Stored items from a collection
===

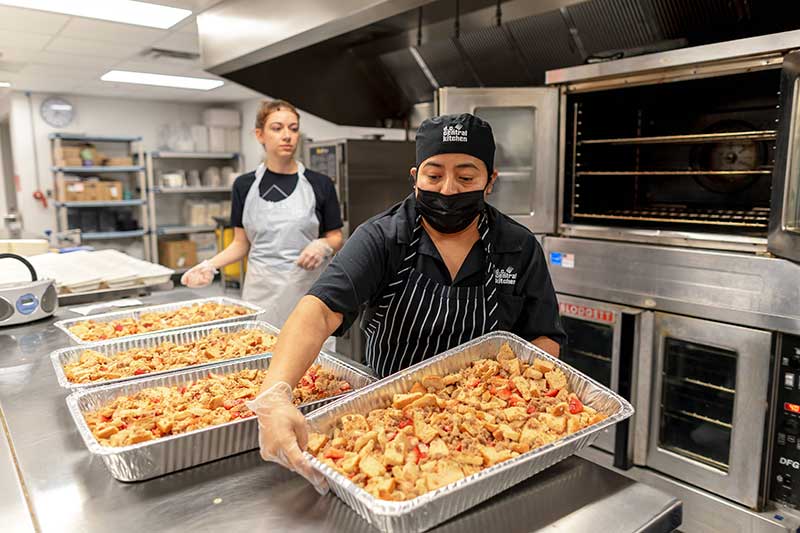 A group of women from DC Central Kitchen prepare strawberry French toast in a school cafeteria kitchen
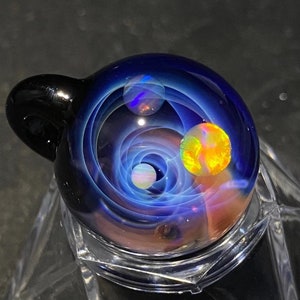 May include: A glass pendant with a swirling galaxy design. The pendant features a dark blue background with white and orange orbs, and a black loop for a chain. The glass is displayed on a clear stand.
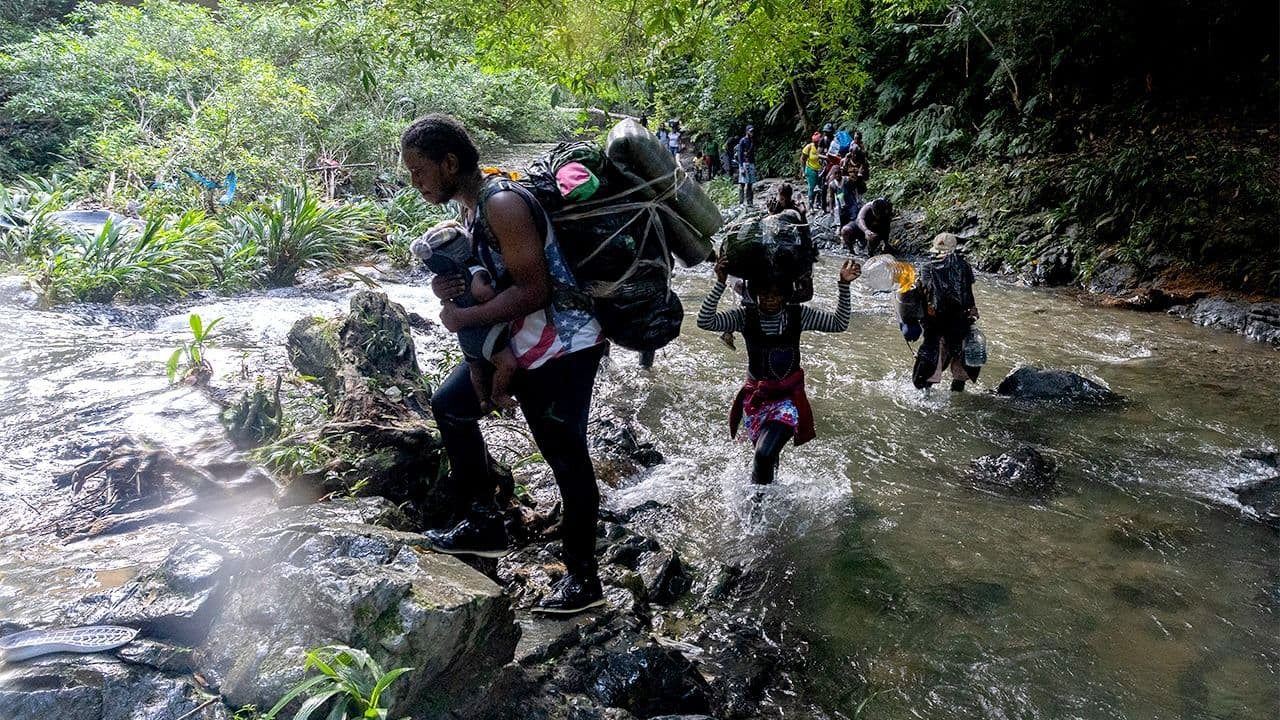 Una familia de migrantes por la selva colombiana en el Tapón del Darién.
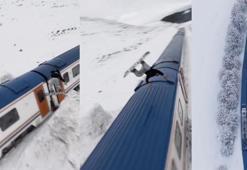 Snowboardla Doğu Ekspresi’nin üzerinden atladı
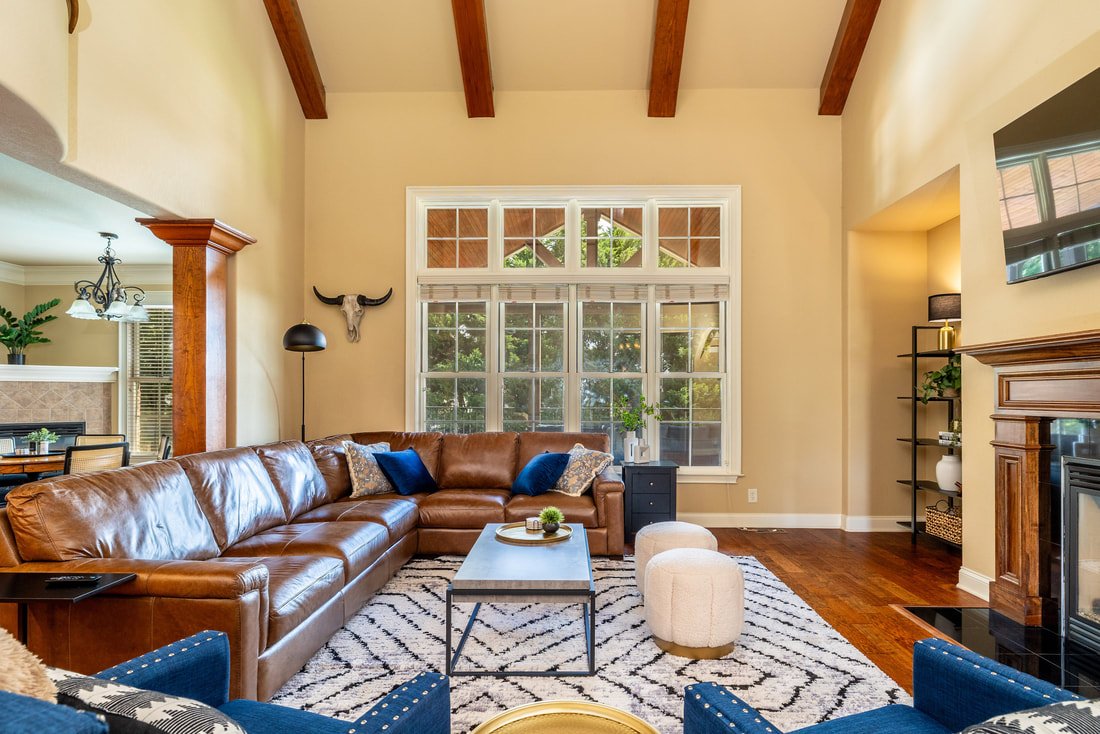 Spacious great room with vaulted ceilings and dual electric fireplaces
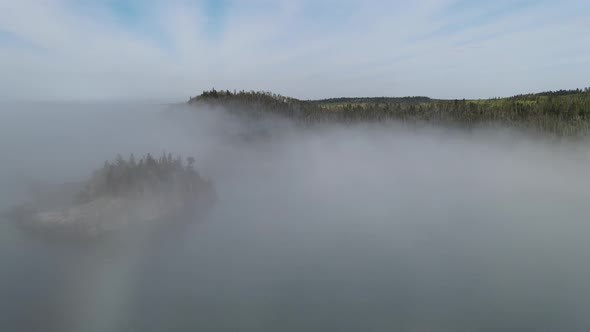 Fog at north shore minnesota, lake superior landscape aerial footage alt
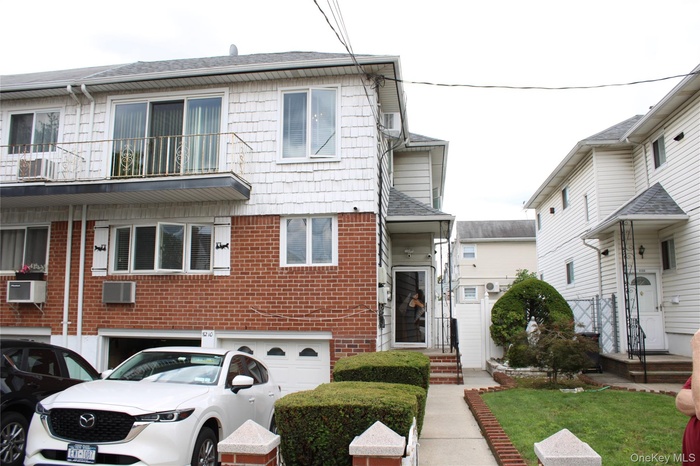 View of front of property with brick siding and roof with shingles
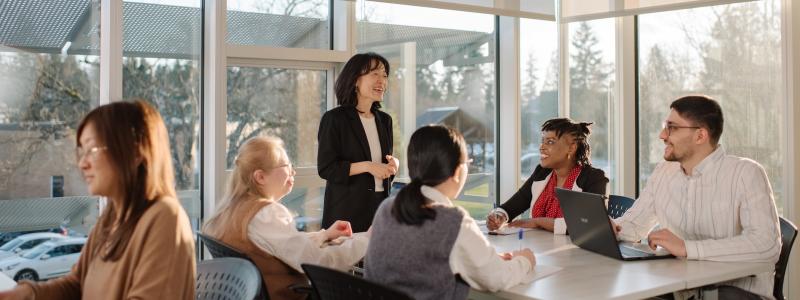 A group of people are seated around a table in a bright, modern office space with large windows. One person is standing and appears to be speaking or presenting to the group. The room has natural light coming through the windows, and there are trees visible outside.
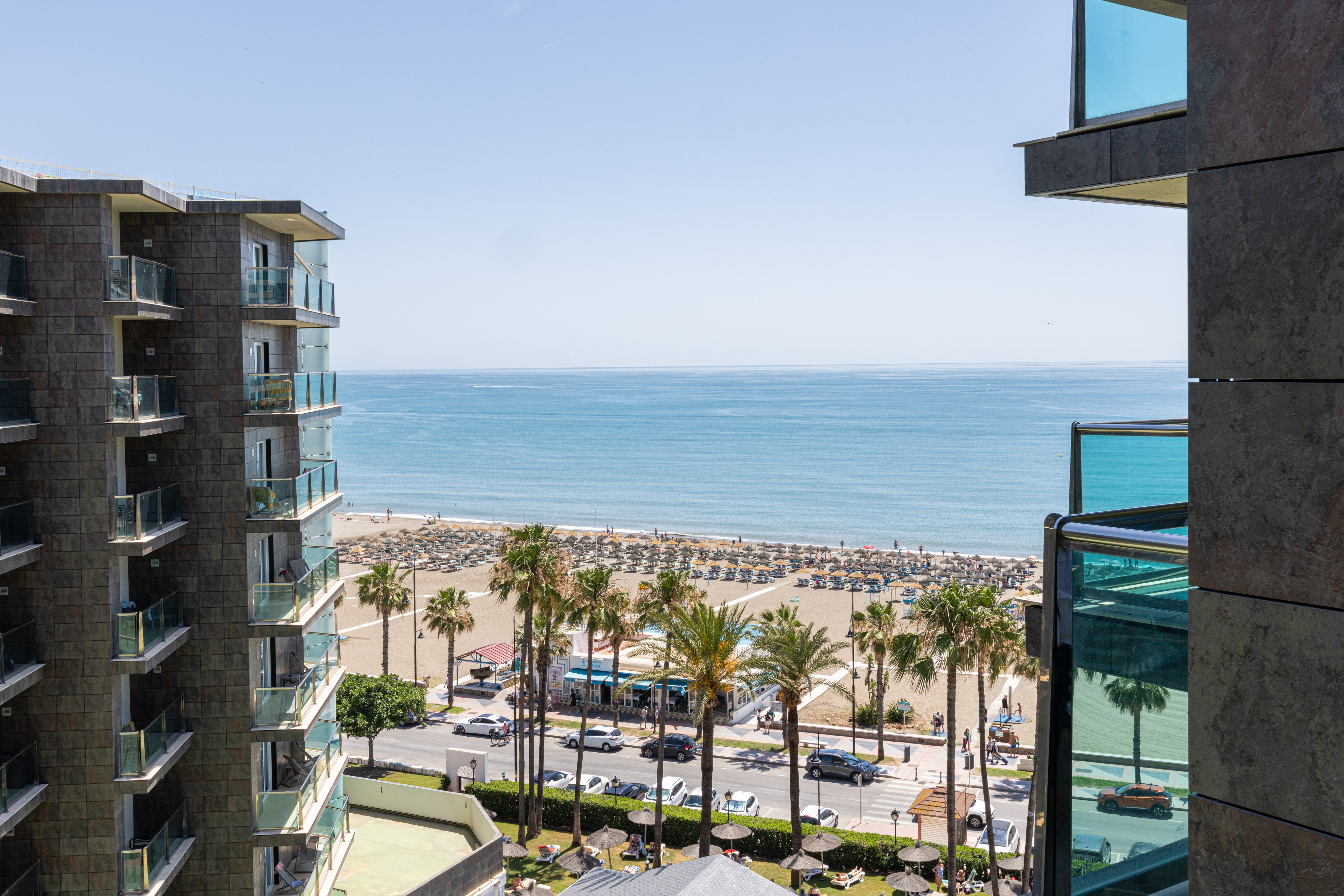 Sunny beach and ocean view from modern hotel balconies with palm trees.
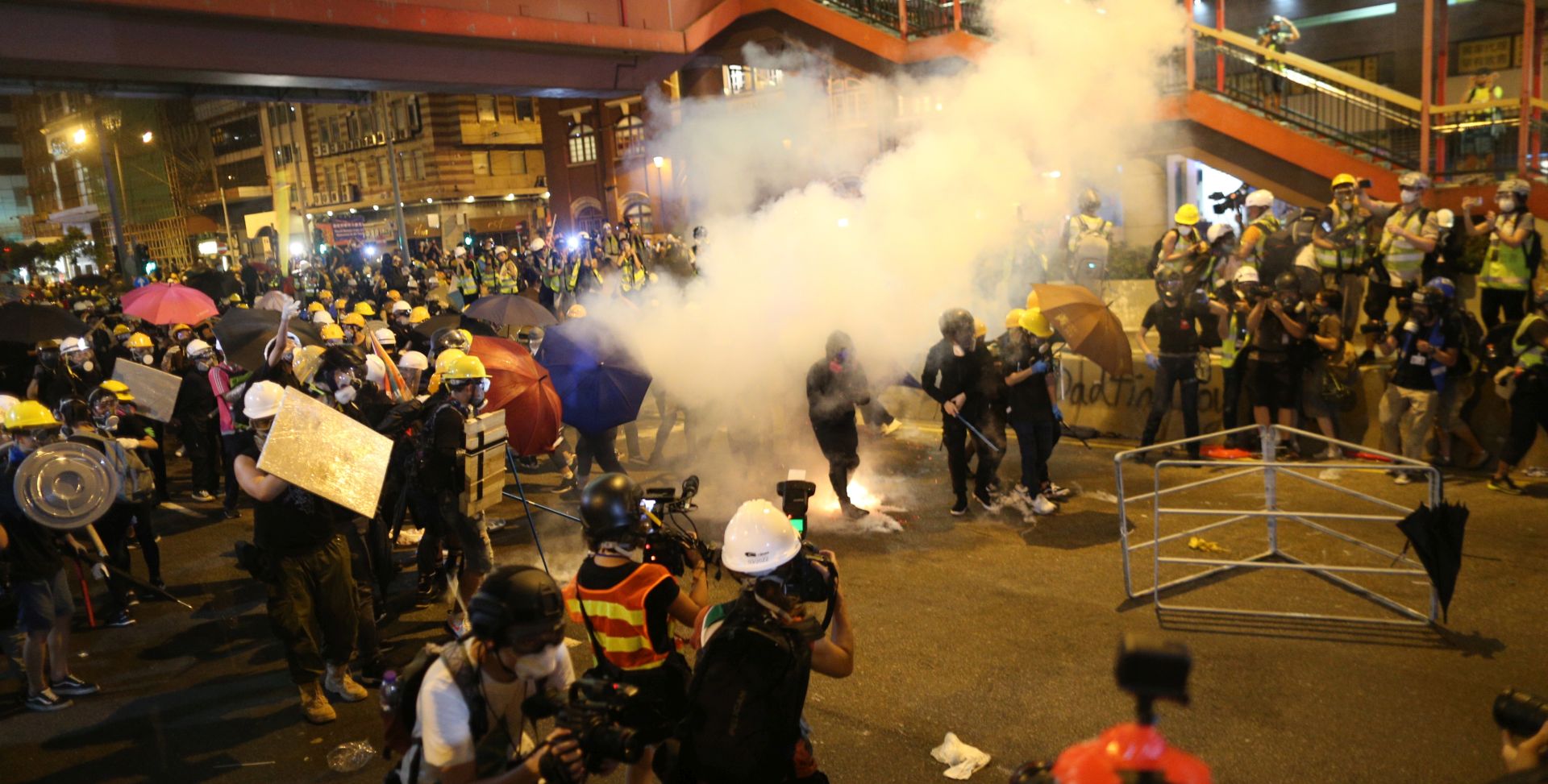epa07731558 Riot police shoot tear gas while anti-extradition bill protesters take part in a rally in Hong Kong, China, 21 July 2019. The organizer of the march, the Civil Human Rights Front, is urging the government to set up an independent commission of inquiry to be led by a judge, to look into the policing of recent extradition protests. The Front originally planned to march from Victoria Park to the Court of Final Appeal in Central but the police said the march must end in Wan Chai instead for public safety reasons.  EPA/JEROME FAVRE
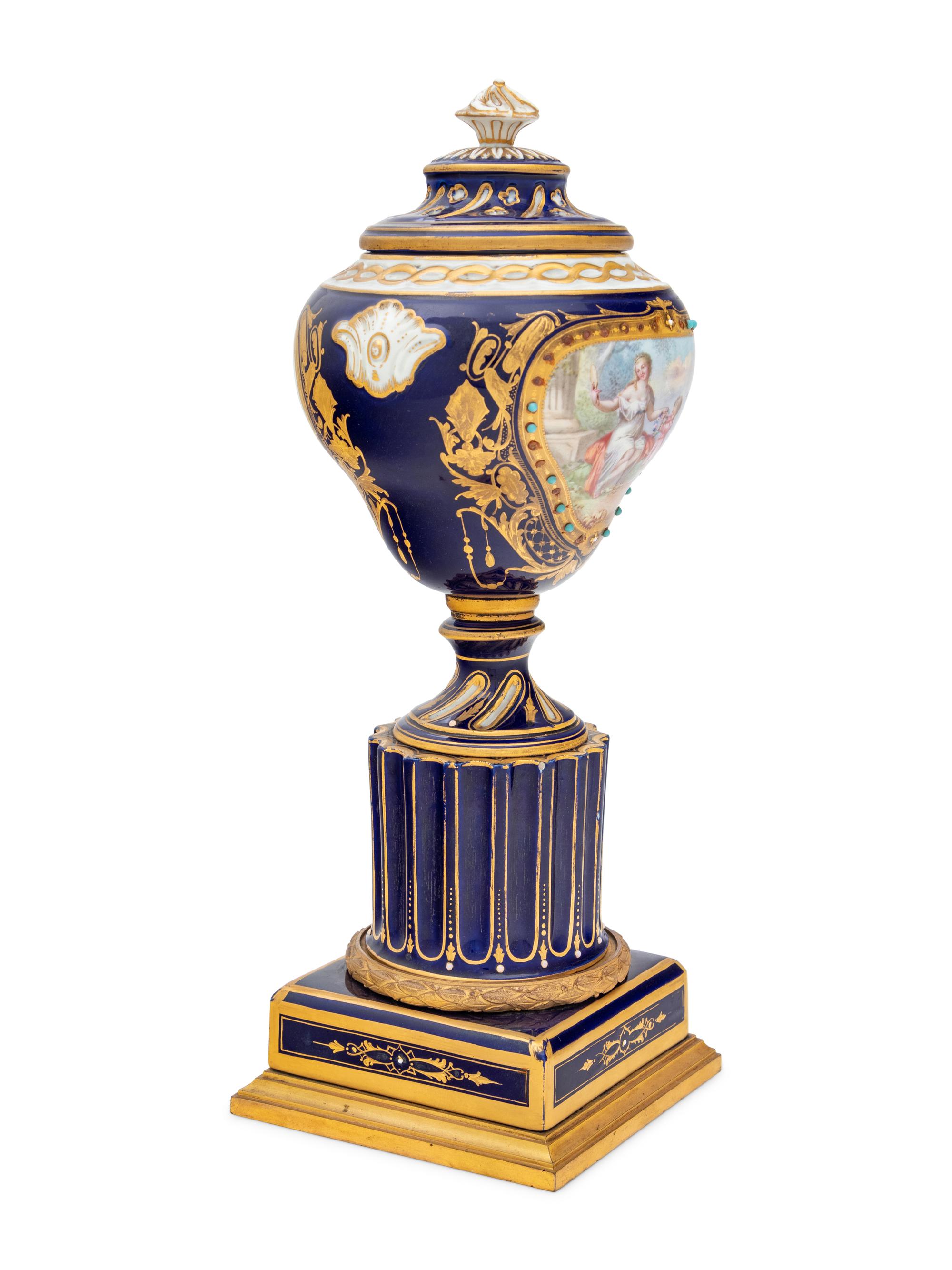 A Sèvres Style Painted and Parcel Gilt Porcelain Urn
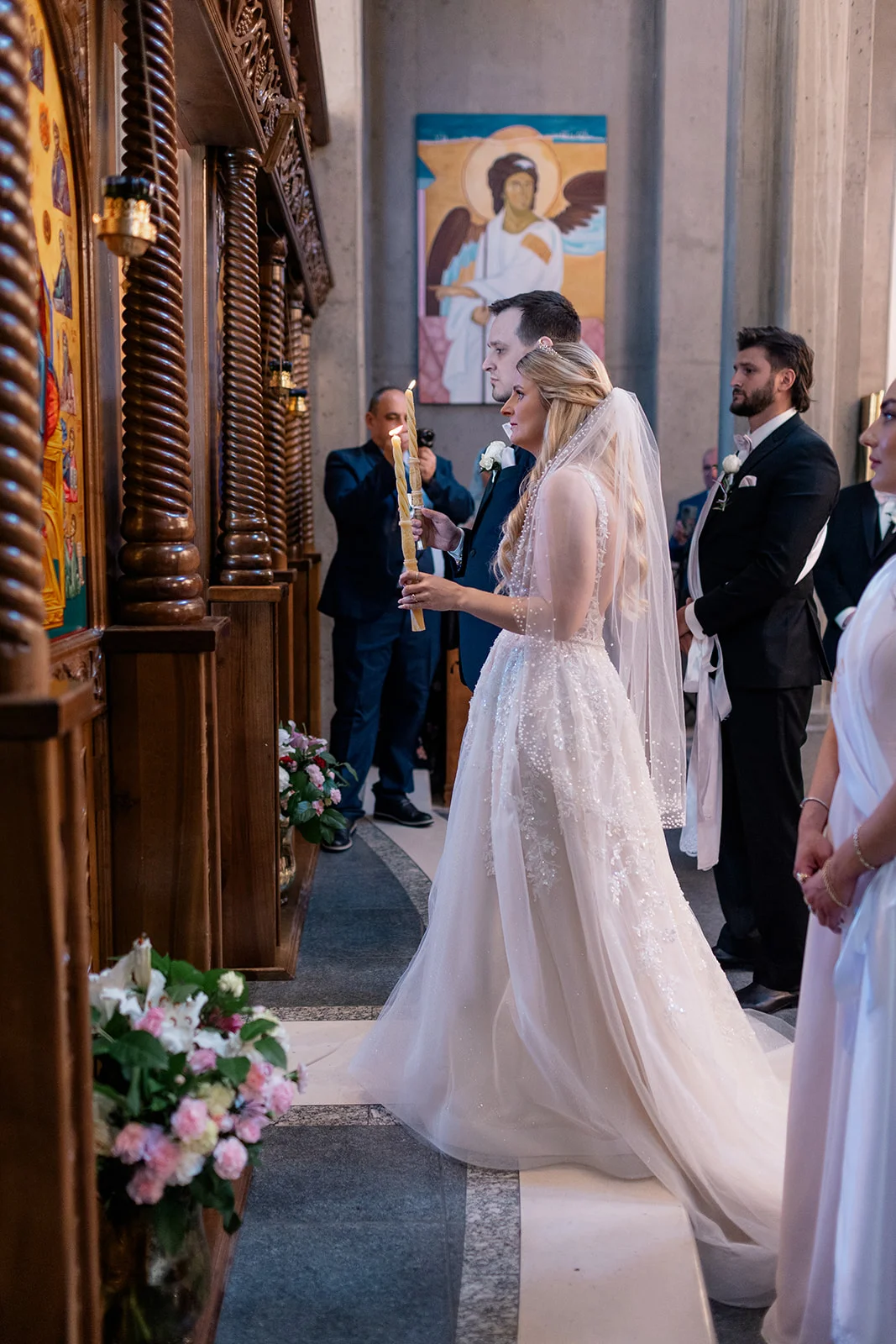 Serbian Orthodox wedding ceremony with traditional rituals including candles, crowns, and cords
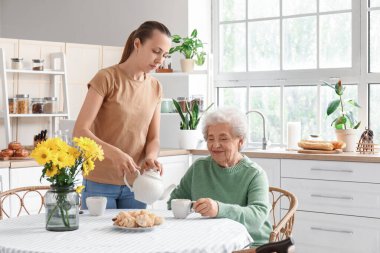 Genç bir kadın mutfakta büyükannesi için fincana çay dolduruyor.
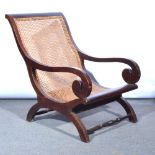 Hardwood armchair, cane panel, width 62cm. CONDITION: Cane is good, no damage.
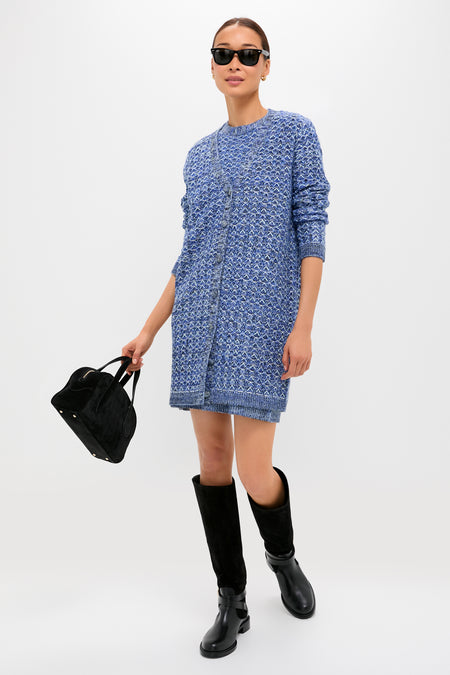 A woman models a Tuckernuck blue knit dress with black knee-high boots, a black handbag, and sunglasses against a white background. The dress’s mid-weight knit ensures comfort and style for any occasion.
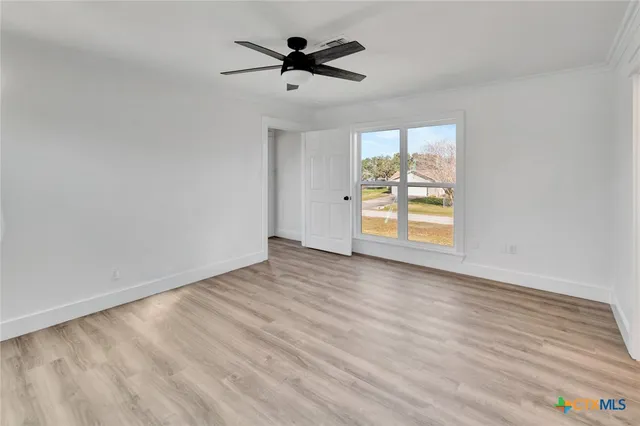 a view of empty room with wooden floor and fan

===

▶ [REQUIRED WORK]
Leaving pictures out, output the lines of the data above from the one with "Fog at north" through the one with "Hardwood armchair, cane", word for word.

▶ [ANSWER SECTION]
 Fog at north shore minnesota, lake superior landscape aerial footage alt
 View of front of property with brick siding and roof with shingles
 A group of people are seated around a table in a bright, modern office space with large windows. One person is standing and appears to be speaking or presenting to the group. The room has natural light coming through the windows, and there are trees visible outside.
 Sunny beach and ocean view from modern hotel balconies with palm trees.
epa07731558 Riot police shoot tear gas while anti-extradition bill protesters take part in a rally in Hong Kong, China, 21 July 2019. The organizer of the march, the Civil Human Rights Front, is urging the government to set up an independent commission of inquiry to be led by a judge, to look into the policing of recent extradition protests. The Front originally planned to march from Victoria Park to the Court of Final Appeal in Central but the police said the march must end in Wan Chai instead for public safety reasons.  EPA/JEROME FAVRE
 A Sèvres Style Painted and Parcel Gilt Porcelain Urn
 Serbian Orthodox wedding ceremony with traditional rituals including candles, crowns, and cords
 Genç bir kadın mutfakta büyükannesi için fincana çay dolduruyor.
 Hardwood armchair, cane panel, width 62cm. CONDITION: Cane is good, no damage.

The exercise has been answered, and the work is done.